Булгаковский, покачиваясь то ли от ветра, то ли от слабости, стоял под мертвым фонарем и время от времени обнимал его, чтобы не свалиться. Казарин подошел, интересуясь, не нужна ли помощь, — и отшатнулся: издатель был пьян встельку.
— Да-с, — сказал Булгаковский, подняв на подошедшего Казарина жалкие глаза. — Не имею чести знать, но… Позорно слаб-с. Гибну и сознаю.
— Полно, — дружелюбно сказал Казарин. — Этому пороку я сочувствую больше прочих.

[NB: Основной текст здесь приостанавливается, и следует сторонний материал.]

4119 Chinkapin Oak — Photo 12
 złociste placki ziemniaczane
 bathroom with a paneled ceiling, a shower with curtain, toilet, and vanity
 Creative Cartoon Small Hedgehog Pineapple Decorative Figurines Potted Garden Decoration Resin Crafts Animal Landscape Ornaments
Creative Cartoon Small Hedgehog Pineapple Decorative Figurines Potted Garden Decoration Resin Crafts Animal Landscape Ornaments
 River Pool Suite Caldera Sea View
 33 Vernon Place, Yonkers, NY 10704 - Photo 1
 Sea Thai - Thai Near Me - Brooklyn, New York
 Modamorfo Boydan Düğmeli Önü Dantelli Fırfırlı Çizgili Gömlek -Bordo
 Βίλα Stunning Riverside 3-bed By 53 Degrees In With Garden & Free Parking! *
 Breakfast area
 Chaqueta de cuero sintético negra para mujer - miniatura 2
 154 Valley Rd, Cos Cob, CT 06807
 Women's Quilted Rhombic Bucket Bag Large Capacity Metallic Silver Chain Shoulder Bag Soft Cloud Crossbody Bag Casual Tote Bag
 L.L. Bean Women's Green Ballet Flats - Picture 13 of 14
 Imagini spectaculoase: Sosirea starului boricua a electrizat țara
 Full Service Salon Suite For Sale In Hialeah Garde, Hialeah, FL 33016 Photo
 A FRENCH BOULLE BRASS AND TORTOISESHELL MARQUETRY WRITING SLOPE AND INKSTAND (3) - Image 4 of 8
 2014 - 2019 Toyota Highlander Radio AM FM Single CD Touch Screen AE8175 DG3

— Сочувствовать, пороку нельзя-с, — слабым, дрожащим тенорком, столь странным при его могучей поповской комплекции, произнес Булгаковский. — Сочувствие пороку широко отверзает для него двери; притворяемся человеколюбцами, а любим между тем один порок… Не ищу сострадания и не хочу оправдания. Покуда мог, противился. Но вот уже пятую ночь не имею сил удержаться, пал низко. Григорий Алексеев, наборщик, из раскаявшихся пьяниц (издатель произносил «пианиц», придавая грубому слову дополнительный музыкальный смысл), возымел жалость и своими путями достал мне спирту. Вы добрый господин, примите исповедь несчастного, погубившего свою душу.